» **Material for this exercise**
::::

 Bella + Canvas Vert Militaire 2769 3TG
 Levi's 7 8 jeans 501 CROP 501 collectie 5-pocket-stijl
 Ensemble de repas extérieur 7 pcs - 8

::::

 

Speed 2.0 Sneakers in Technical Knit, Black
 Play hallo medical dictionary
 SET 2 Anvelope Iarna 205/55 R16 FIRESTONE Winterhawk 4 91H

::::

» **Exercise details**
Set down precisely the lines above between the line holding "Play hallo medical dictionary" and the line holding "SET 2 Anvelope", inclusive, and nothing beyond them.

» **Response area**
 Play hallo medical dictionary
 SET 2 Anvelope Iarna 205/55 R16 FIRESTONE Winterhawk 4 91H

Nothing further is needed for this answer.